The Chatham Island shag has run out of room. It lives only on the Chatham Islands. It does not travel. It does not disperse. It stays close to the rocky shores where it has always lived. It fishes the same coves. It nests on the same cliffs. A few hundred birds. A few kilometres of coastline. That is the entire species. If it disappears from the Chathams, it disappears from everywhere. There is no backup population. No second chance. Just this island. This coastline. These few hundred birds.
It is a large, heavy shag. Black above and white below. A bronzy-green sheen covers the back and wings. The face is dark. The eye is ringed in blue. The feet are pink. In breeding season, a small crest rises from the forehead. The bird looks slightly surprised. It may have reason to be. The nest is a platform of seaweed and sticks. It is built on a cliff ledge or a rocky stack. Two or three eggs are laid. Both parents share incubation. The colony is small. A few dozen nests, spaced apart. The birds do not crowd. They cannot afford to.

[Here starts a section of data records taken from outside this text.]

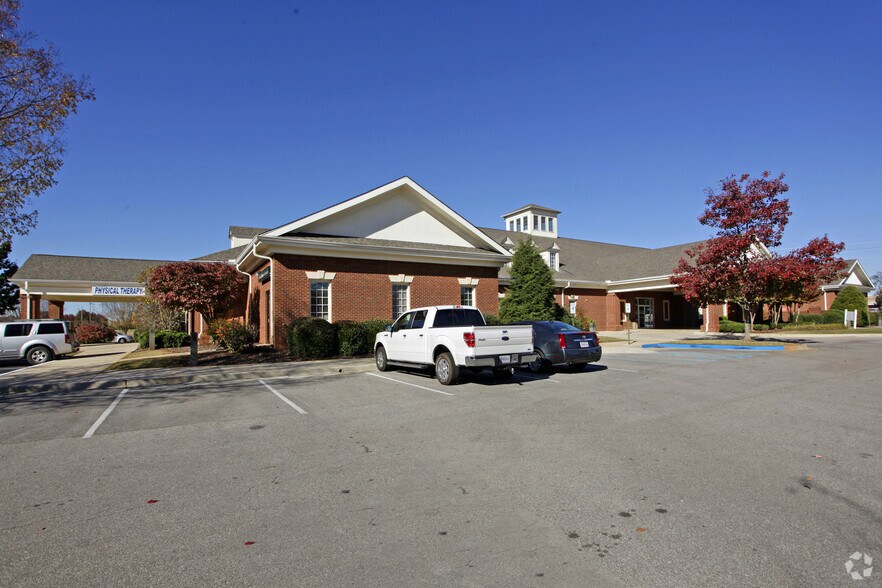 Primary Photo Of 44 Hughes Rd, Madison Medical For Lease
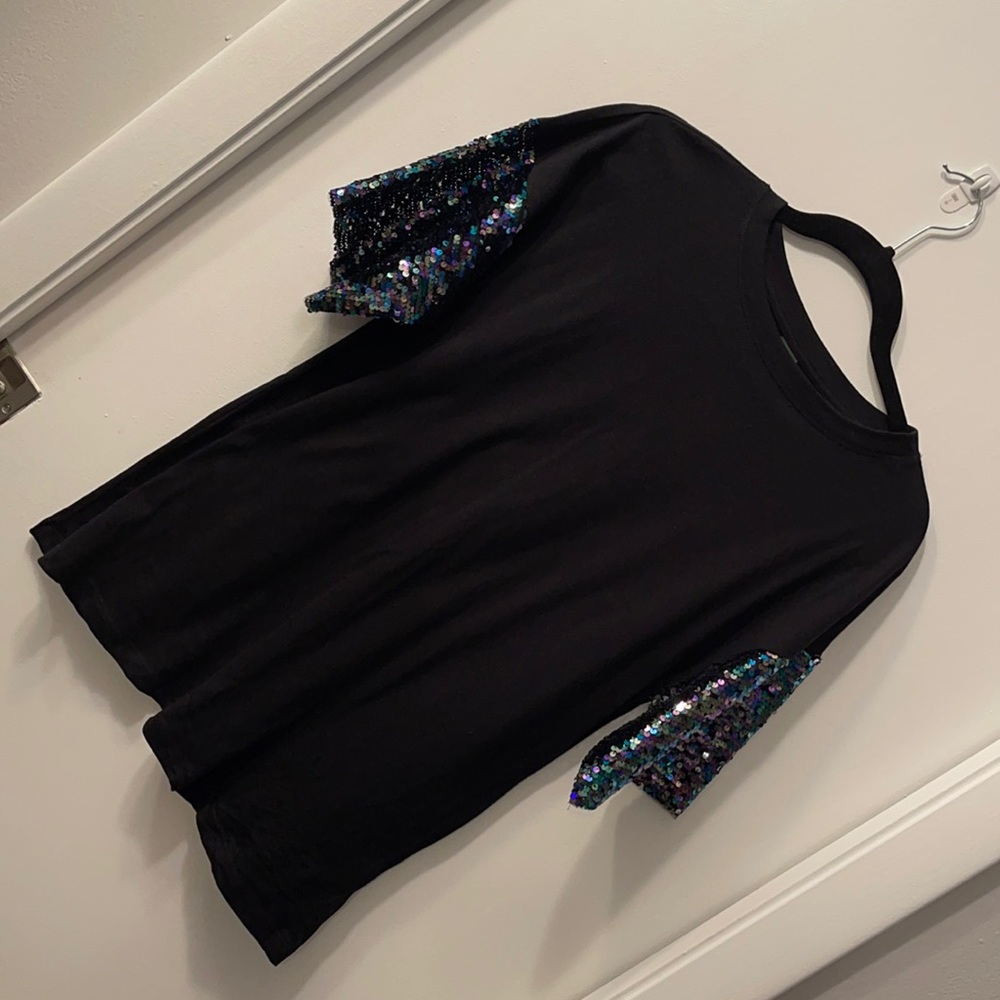 Cute top with Sequence shoulders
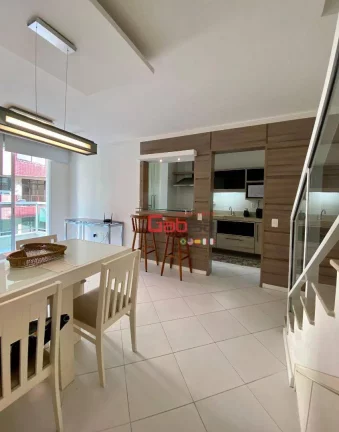 Imagem Cobertura com 2 dormitórios à venda, 128 m² por R$ 890.000,00 - Praia do Forte - Cabo Frio/RJ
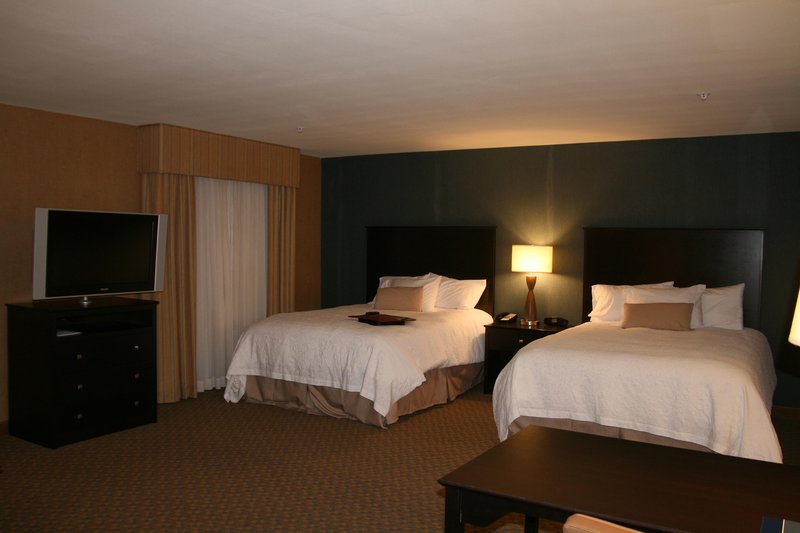 Hampton Inn & Suites Barstow - Barstow, CA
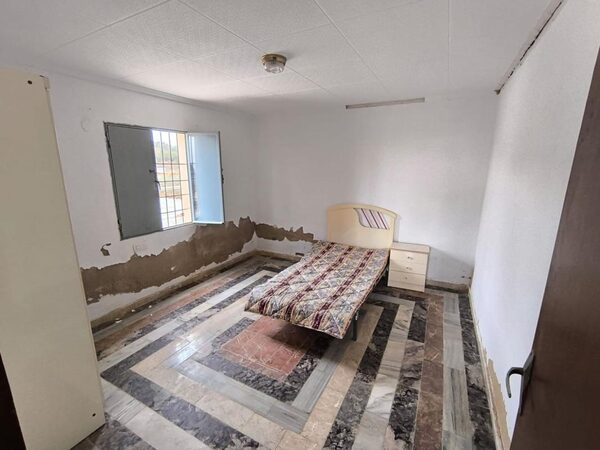 Houses in La Romana, Spain, 72m² - image 7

Feeding involves small fish, eels, and crustaceans. The bird dives in shallow coastal waters. It swims low. It dives often. It surfaces somewhere else. A shag underwater is a different creature. Fast. Agile. Silent. On land, it is awkward. The legs are set far back. It waddles. It does not care. The chicks are naked at hatching. They grow grey down. Both parents feed them. They take turns diving and returning with fish. The nest becomes a mess of guano and fish bones. The chicks grow fast. They need to. The Chatham winter is cold.
The threats are many. Introduced predators include cats, rats, and
weka. Disturbance from fishing boats and coastal development adds pressure. Storm surges wash nests off low ledges. A species with a tiny population cannot withstand any of these events. Conservationists have been working on the Chathams for years. Predator control. Nest protection. The population has stabilised. That is not growth. That is a pause. The numbers remain precarious.
The matapo is named for its call. Māori gave it that name. It means "to grope" or "to search blindly." The shag's call at night is a low, moaning sound. It seems to come from nowhere. On a dark evening on the Chathams, with the wind off the sea, the sound is unsettling. It marks the boundary between land and sea. The global population is estimated at 350 to 500 birds. It is restricted entirely to the Chatham Islands. The Department of Conservation classifies the species as Nationally Critical. It is one of the rarest shags in the world. The bird carries on.